# Task brief
Consider the listing below. Extract exactly the lines from the line containing "Justerbar Hyldestøtte Elfa" to the line containing "Napkins and silverware", both included.

# Records
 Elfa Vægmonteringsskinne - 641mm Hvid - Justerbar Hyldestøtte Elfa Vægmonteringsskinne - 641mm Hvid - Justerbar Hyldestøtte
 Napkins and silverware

---

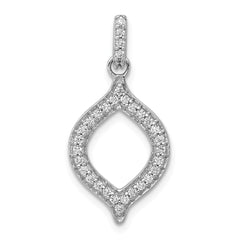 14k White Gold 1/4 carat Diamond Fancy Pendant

# Exercise response
 Elfa Vægmonteringsskinne - 641mm Hvid - Justerbar Hyldestøtte Elfa Vægmonteringsskinne - 641mm Hvid - Justerbar Hyldestøtte
 Napkins and silverware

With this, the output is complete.